The People I Slept With.

I WOULD LIKE TO APOLOGIZE TO BUT MOSTLY THANK THE GUYS MY FRIENDS AND I HAVE BEEN INVOLVED WITH BECAUSE ALL OF THE FOLLOWING STORIES ARE TRUE. Only names, dates and locations were changed to protect the fragile male ego.

SURPRISE!

by ThePeopleISleptWith

After a night of drinking my boyfriend and I went back to his apartment to hook up. While I was going on him he was trying to tell me something but I couldn’t decode his slurred-drunken speech. He sounded like he was enjoying what I was doing so I kept going.

Not long after he mumbled again, but this time is sounded like a question. I naively nodded …. I wasn’t about to take his dick out of my mouth and ask him to repeat himself. A second later he pulled out and came all over my face and hair. I stood there in shock, covered in semen. Apparently he was asking me if he could cum on my face.

LESSON LEARNED: KNOW WHAT YOU’RE SAYING YES TO. 

The Fishbowl Effect

by ThePeopleISleptWith

We hooked up one afternoon after a bottle of Mango Mimosas. He was my roommate’s friend and I was convinced I had Vaginal Depression thanks to a Womens Health article. Our afternoon bone-sesh lasted a total of two minutes and cost me a fair amount of dignity and there really wasn’t much there to begin with.

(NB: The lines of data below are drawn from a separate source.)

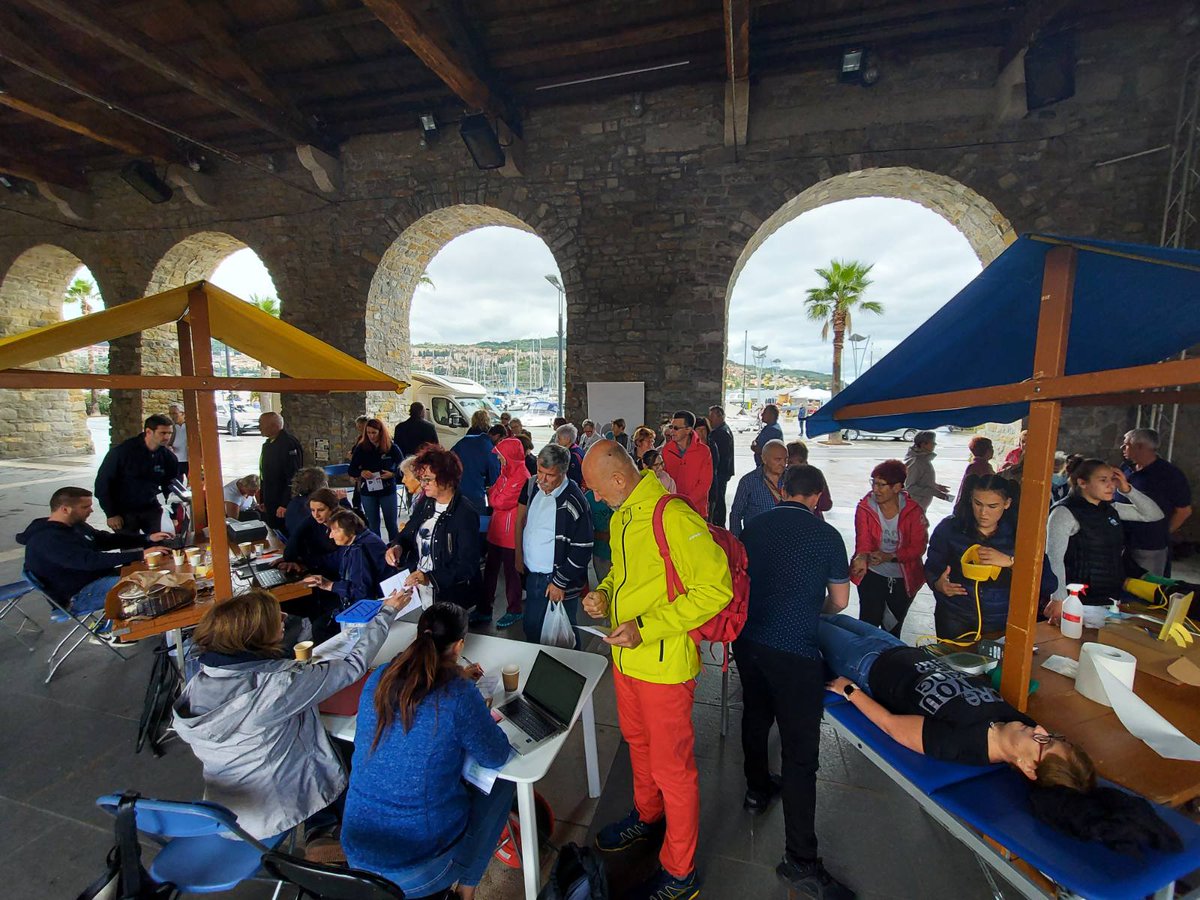 TwinBrainEU's tweet photo. Last Saturday we had fun in Koper. Measurements & lectures #ZnanjeZaZdravje #KnowledgeForHealth @TwinBrainEU @UrosMarusic #ZrsKoper https://t.co/9eaoKlKS7X
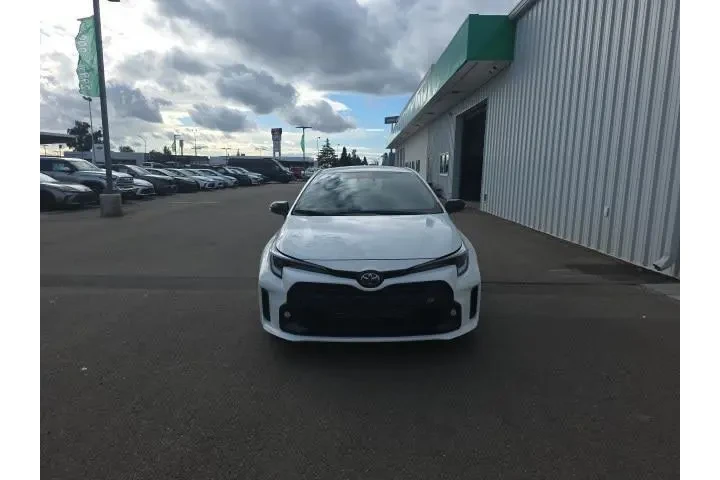 $35800 : Toyota GR Corolla 2023 AWD C image 2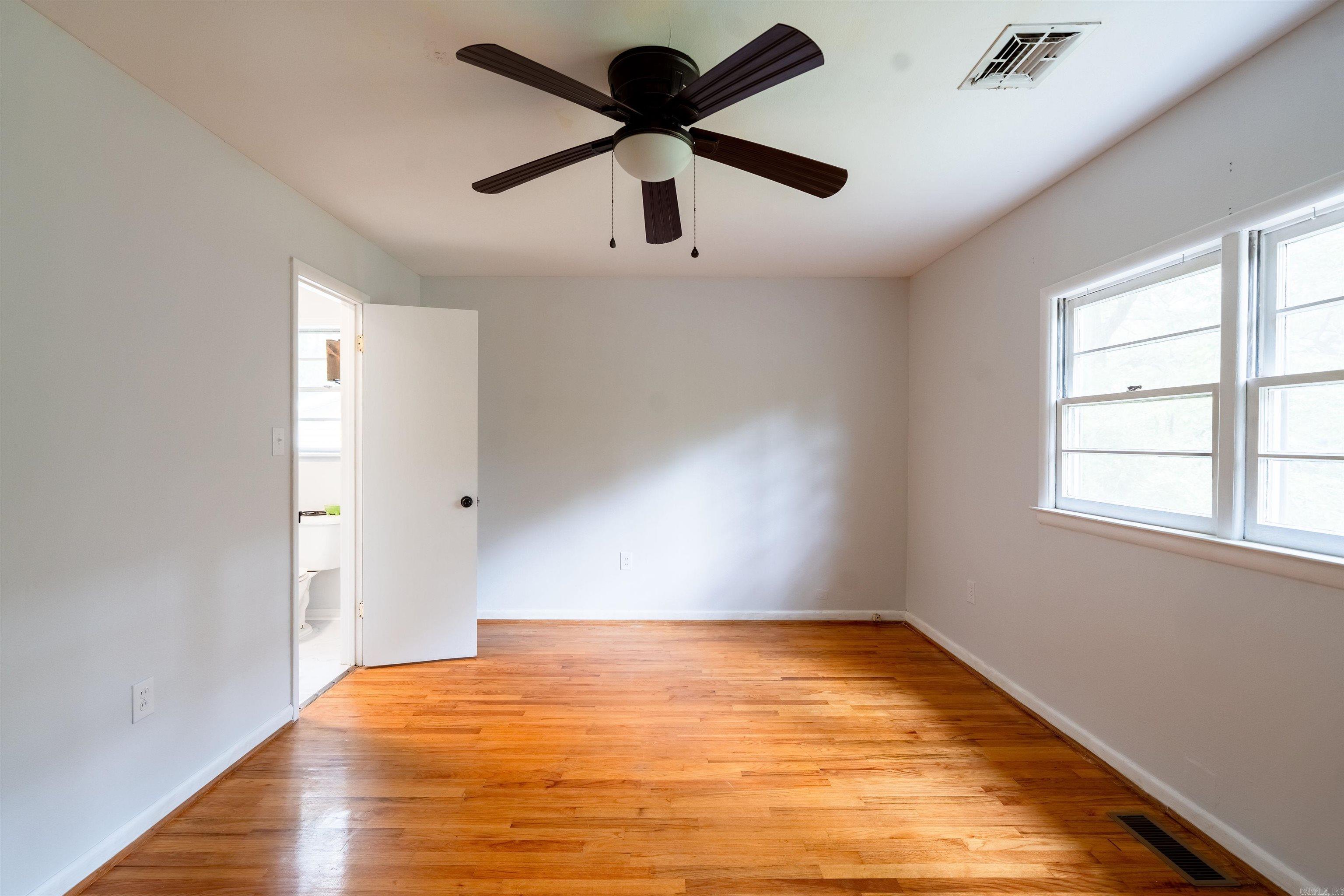 824  Sunnyhill St  Searcy, AR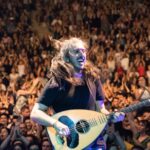 Γιάννης Χαρούλης: Μία μυσταγωγική βραδιά στο Θέατρο Πέτρας με νέα μουσική και γνώριμες συγκινήσεις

“I’m about to get into a serious relationship, but if I weren’t we would make a good couple, right?” he asked handing me my sock so I could clean myself off. I wiped off his off-spring avoiding eye contact. To be honest I had mixed emotions. On one hand it was kind of perfect because no one would ever have to know. It won’t happen again. No drama. No awkward moments. On the other hand….. who does he think he is? I did the only thing I could think to do and kept drinking until I passed out at 6pm.

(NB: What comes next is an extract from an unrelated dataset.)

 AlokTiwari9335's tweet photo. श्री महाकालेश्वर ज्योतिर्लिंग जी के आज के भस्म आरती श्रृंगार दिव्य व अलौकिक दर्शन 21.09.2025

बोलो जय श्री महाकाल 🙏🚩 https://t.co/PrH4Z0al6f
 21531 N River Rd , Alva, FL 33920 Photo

The next morning shorty after setting sail on a charter boat for a fishing trip with my roommates… and just as the sea sickness began to kick in I was informed my secret had been leaked. The regret, the sea, the jokes, the Mango Mimosas, the smelly fish… it was all too much. I spent the three hour trip throwing up into a bucket.

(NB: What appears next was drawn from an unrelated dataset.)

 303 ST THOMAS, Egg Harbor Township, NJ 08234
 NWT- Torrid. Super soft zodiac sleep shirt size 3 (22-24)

On land after a blunt, a beer and a Big Mac later things appeared to be looking up. That was until he walked in with his new girlfriend. I could sense the eyes on me looking for a reaction. I watched her kiss his lips knowing all too well where they were not even 24 hours ago. I didn’t realize “about to” meant that night. All the sudden I was back on the boat. I went to the bathroom and threw up again.

Forbidden Fruit

by ThePeopleISleptWith

My orthodox Jewish boyfriend took me on a date to the Museum of Natural History. Things were going great as we walked hand in hand admiring each exhibit. When we arrived at the dinosaur exhibit he dropped a bombshell on me. He told me that he did not believe in dinosaurs. Then went on for 20 minutes stating with utter certainty that fossils were planted by people to trick dumb people. I laughed it off praying he was just making a very bad joke.

A week later he came to my apartment, in an area of Brooklyn he most likely never stepped foot in. I spent the night prior scrubbing and reorganizing my apartment in order to create the illusion that I was a mature adult woman but my efforts went unnoticed. Plastic furniture, shark posters and dinosaur toys just aren’t for adults. He walked in and sat right on my bed, that laid on the floor without a box spring.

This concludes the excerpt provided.